Here is a first tensor test.

nvidia@jetson-0423418009922:/opt/ssd500/installation$ python3 testTensorflow.py
2018-09-22 19:23:40.420202: I tensorflow/stream_executor/cuda/cuda_gpu_executor.cc:864] ARM64 does not support NUMA - returning NUMA node zero
2018-09-22 19:23:40.420432: I tensorflow/core/common_runtime/gpu/gpu_device.cc:1405] Found device 0 with properties:
name: Xavier major: 7 minor: 2 memoryClockRate(GHz): 1.5
pciBusID: 0000:00:00.0
totalMemory: 15.46GiB freeMemory: 11.19GiB
2018-09-22 19:23:40.420552: I tensorflow/core/common_runtime/gpu/gpu_device.cc:1484] Adding visible gpu devices: 0
2018-09-22 19:23:41.254301: I tensorflow/core/common_runtime/gpu/gpu_device.cc:965] Device interconnect StreamExecutor with strength 1 edge matrix:
2018-09-22 19:23:41.254481: I tensorflow/core/common_runtime/gpu/gpu_device.cc:971] 0
2018-09-22 19:23:41.254525: I tensorflow/core/common_runtime/gpu/gpu_device.cc:984] 0: N
2018-09-22 19:23:41.254826: I tensorflow/core/common_runtime/gpu/gpu_device.cc:1097] Created TensorFlow device (/job:localhost/replica:0/task:0/device:GPU:0 with 4748 MB memory) → physical GPU (device: 0, name: Xavier, pci bus id: 0000:00:00.0, compute capability: 7.2)

Ran 2 tests in 1.945s

I am noticing an error when training. I am using a VGGNet model implemented in Keras training the CIFAR-10 dataset. I’m training for 40 epochs. It’s about 50/50 whether the training completes. I haven’t isolated this yet to v1.10 of Tensorflow. The error I am getting is: tensorflow.python.framework.errors_impl.InvalidArgumentError: Input to reshape is a tensor with ‘XX’ values, but the requested shape has ‘XX’.

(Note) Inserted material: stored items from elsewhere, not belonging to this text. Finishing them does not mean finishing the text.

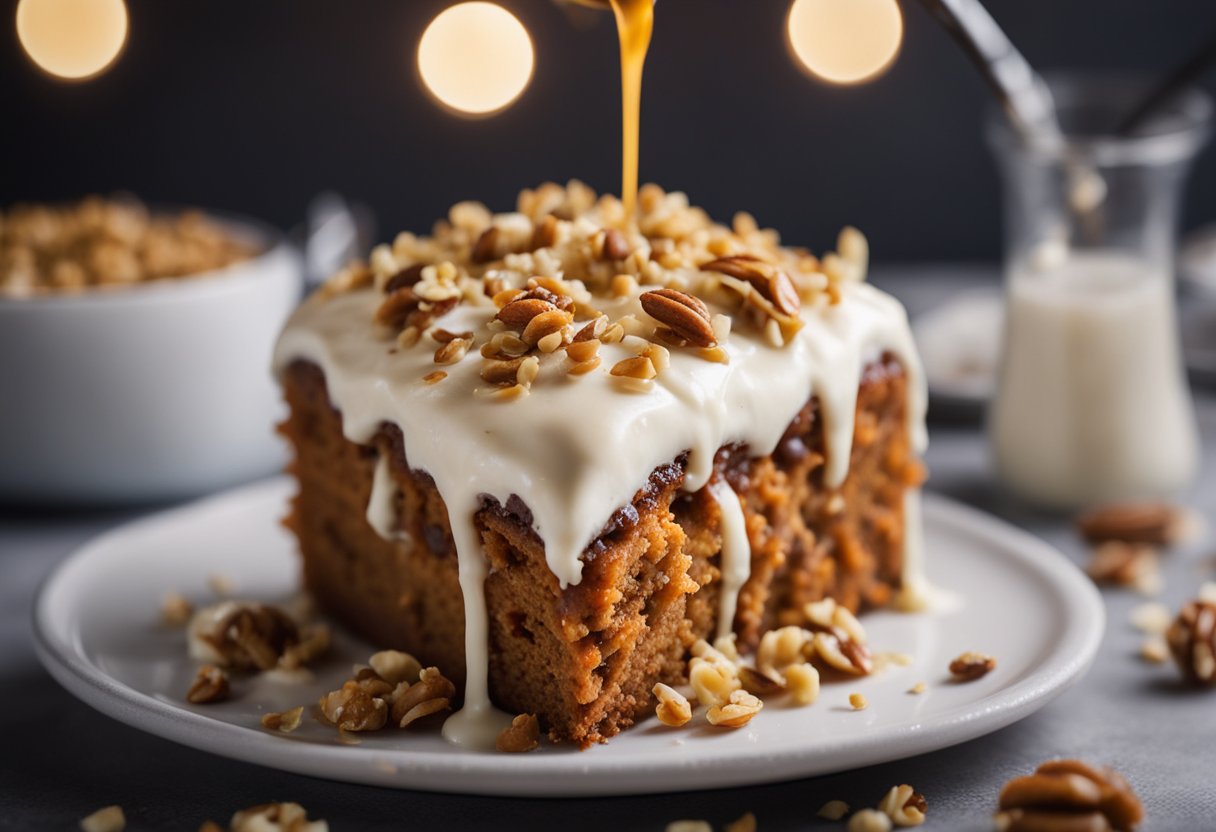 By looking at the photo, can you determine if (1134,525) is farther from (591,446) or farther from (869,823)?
(591,446)

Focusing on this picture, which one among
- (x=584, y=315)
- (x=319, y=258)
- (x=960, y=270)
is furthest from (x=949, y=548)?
(x=960, y=270)

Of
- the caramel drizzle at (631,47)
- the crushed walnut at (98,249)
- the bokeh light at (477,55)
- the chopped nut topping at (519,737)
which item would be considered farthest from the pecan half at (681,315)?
→ the bokeh light at (477,55)

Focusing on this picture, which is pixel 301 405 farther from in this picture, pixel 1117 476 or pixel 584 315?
pixel 1117 476

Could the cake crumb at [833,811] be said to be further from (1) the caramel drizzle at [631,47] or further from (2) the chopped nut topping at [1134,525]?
(2) the chopped nut topping at [1134,525]

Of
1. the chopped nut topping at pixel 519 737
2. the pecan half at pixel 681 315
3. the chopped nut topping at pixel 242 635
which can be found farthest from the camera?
the chopped nut topping at pixel 242 635

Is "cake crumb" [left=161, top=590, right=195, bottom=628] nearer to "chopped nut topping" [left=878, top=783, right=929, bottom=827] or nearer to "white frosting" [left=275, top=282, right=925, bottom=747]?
"white frosting" [left=275, top=282, right=925, bottom=747]

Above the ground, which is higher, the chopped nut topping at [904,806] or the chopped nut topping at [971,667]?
the chopped nut topping at [971,667] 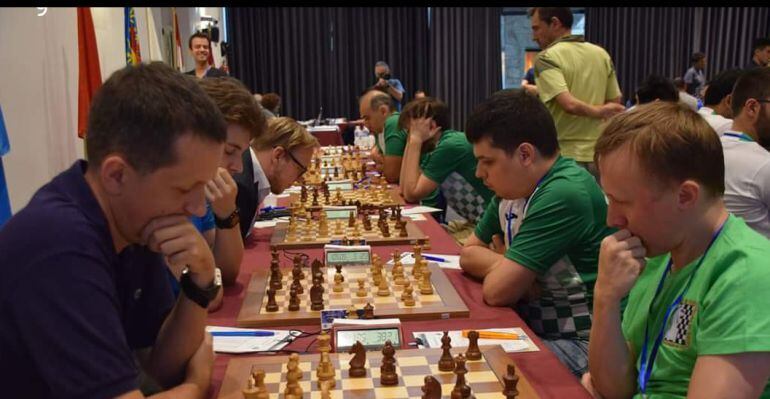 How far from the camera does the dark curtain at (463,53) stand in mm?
12297

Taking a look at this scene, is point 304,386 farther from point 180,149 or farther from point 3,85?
point 3,85

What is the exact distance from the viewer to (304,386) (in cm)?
152

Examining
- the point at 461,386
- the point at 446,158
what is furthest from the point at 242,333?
the point at 446,158

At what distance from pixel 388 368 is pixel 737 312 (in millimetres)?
706

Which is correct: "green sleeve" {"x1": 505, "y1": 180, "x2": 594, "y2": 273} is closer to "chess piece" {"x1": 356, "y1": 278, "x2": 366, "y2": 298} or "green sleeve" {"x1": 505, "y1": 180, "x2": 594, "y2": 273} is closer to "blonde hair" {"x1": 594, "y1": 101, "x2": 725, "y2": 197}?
"chess piece" {"x1": 356, "y1": 278, "x2": 366, "y2": 298}

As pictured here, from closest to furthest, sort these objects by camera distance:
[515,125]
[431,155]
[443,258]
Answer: [515,125], [443,258], [431,155]

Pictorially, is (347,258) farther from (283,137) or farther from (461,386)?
(461,386)

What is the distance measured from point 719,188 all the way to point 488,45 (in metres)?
11.3

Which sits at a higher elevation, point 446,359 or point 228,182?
point 228,182

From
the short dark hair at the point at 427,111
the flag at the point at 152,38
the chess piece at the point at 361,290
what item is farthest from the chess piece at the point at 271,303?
the flag at the point at 152,38

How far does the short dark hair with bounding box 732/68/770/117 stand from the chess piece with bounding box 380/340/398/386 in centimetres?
238

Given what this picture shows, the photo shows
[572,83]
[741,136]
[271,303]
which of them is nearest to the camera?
[271,303]

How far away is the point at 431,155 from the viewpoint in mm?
4047

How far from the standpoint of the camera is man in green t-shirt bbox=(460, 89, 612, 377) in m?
2.15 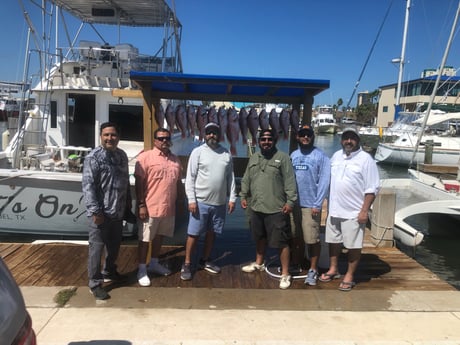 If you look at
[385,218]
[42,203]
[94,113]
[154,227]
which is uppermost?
[94,113]

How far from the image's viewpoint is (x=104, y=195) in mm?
3486

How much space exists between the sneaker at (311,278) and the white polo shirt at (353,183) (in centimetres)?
70

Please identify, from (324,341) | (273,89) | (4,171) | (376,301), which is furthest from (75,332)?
(4,171)

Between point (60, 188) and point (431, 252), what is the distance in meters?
7.77

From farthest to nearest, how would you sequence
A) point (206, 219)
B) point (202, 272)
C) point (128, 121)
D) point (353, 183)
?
point (128, 121), point (202, 272), point (206, 219), point (353, 183)

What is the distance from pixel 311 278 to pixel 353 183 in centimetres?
113

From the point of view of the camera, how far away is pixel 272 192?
12.7 ft

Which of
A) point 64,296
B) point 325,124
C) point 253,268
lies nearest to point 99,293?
point 64,296

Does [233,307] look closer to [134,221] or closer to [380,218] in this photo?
[134,221]

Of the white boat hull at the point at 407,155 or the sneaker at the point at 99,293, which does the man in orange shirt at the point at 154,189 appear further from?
the white boat hull at the point at 407,155

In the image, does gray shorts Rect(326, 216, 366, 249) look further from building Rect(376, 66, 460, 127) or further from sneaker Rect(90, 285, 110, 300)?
building Rect(376, 66, 460, 127)

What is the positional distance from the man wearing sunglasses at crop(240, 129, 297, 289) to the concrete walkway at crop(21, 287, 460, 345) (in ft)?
1.70

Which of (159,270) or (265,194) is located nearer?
(265,194)

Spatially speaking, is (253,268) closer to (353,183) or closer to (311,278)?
(311,278) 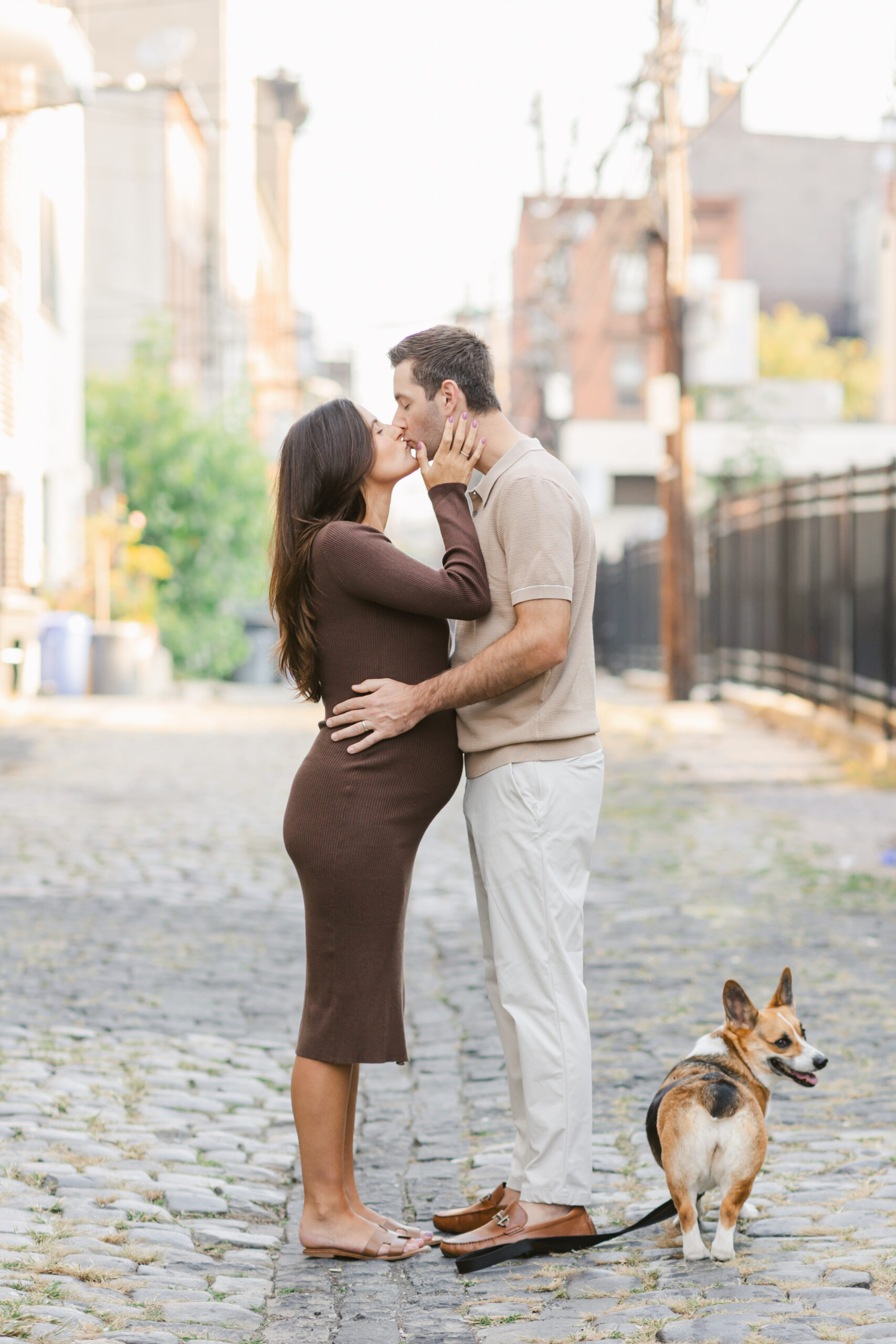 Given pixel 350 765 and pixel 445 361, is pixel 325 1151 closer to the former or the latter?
pixel 350 765

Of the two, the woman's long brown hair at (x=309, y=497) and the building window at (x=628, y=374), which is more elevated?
the building window at (x=628, y=374)

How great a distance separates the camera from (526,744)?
3.69m

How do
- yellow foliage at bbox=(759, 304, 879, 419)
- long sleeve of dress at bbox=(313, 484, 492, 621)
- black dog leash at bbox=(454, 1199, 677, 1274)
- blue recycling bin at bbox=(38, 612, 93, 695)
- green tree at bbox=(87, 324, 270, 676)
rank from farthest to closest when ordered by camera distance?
yellow foliage at bbox=(759, 304, 879, 419) → green tree at bbox=(87, 324, 270, 676) → blue recycling bin at bbox=(38, 612, 93, 695) → black dog leash at bbox=(454, 1199, 677, 1274) → long sleeve of dress at bbox=(313, 484, 492, 621)

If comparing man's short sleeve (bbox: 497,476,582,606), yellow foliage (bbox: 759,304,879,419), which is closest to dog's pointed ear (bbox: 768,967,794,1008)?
man's short sleeve (bbox: 497,476,582,606)

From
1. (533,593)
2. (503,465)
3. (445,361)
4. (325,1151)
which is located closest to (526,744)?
(533,593)

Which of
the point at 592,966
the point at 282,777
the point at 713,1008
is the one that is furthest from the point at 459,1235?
the point at 282,777

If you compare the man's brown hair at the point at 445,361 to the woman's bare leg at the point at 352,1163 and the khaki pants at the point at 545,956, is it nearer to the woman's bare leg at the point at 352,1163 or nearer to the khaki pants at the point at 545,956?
the khaki pants at the point at 545,956

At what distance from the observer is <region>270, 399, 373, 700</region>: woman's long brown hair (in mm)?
3662

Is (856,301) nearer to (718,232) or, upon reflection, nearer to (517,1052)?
(718,232)

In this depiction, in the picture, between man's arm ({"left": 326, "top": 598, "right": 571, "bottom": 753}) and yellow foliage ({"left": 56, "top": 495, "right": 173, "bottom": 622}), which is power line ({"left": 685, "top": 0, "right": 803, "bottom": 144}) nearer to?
man's arm ({"left": 326, "top": 598, "right": 571, "bottom": 753})

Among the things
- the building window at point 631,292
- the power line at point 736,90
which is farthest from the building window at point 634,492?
the power line at point 736,90

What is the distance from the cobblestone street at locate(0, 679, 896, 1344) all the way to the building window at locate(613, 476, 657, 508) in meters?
40.3

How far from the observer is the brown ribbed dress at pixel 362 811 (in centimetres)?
362

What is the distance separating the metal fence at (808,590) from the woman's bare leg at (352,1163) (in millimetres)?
9640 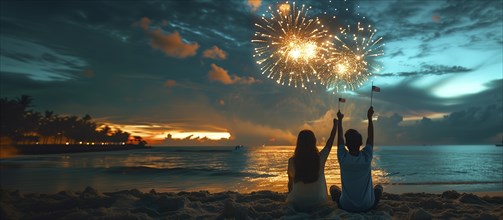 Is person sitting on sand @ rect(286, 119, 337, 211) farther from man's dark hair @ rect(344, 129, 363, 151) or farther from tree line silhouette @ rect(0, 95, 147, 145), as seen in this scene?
tree line silhouette @ rect(0, 95, 147, 145)

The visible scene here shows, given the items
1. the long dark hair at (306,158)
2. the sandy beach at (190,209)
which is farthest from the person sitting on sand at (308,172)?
the sandy beach at (190,209)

The ‘XX’ differs each time. At times the training completes fine without error. I don’t have a reproducible scenario. The complete output is:

File “SB15.03_vggnet_mini_cifar10.py”, line 63, in
H = model.fit(trainX, trainY, validation_data=(testX, testY), batch_size=64, epochs=40, verbose=1)
File “/home/nvidia/.virtualenvs/dl4cv/lib/python3.6/site-packages/keras/engine/training.py”, line 1037, in fit
File “/home/nvidia/.virtualenvs/dl4cv/lib/python3.6/site-packages/keras/engine/training_arrays.py”, line 199, in fit_loop
outs = f(ins_batch)
File “/home/nvidia/.virtualenvs/dl4cv/lib/python3.6/site-packages/keras/backend/tensorflow_backend.py”, line 2666, in call
return self._call(inputs)
File “/home/nvidia/.virtualenvs/dl4cv/lib/python3.6/site-packages/keras/backend/tensorflow_backend.py”, line 2636, in _call
fetched = self._callable_fn(*array_vals)
File “/home/nvidia/.virtualenvs/dl4cv/lib/python3.6/site-packages/tensorflow/python/client/session.py”, line 1382, in call
File “/home/nvidia/.virtualenvs/dl4cv/lib/python3.6/site-packages/tensorflow/python/framework/errors_impl.py”, line 519, in exit
tensorflow.python.framework.errors_impl.InvalidArgumentError: Input to reshape is a tensor with 64 values, but the requested shape has 978017632868082584
[[Node: training/SGD/gradients/loss/activation_6_loss/Sum_1_grad/Reshape = Reshape[T=DT_FLOAT, Tshape=DT_INT32, _class=[“loc:@training/SGD/gradients/loss/activation_6_loss/Sum_1_grad/Tile”], _device=“/job:localhost/replica:0/task:0/device:GPU:0”](training/SGD/gradients/loss/activation_6_loss/Neg_grad/Neg, training/SGD/gradients/loss/activation_6_loss/Sum_1_grad/DynamicStitch/_83)]]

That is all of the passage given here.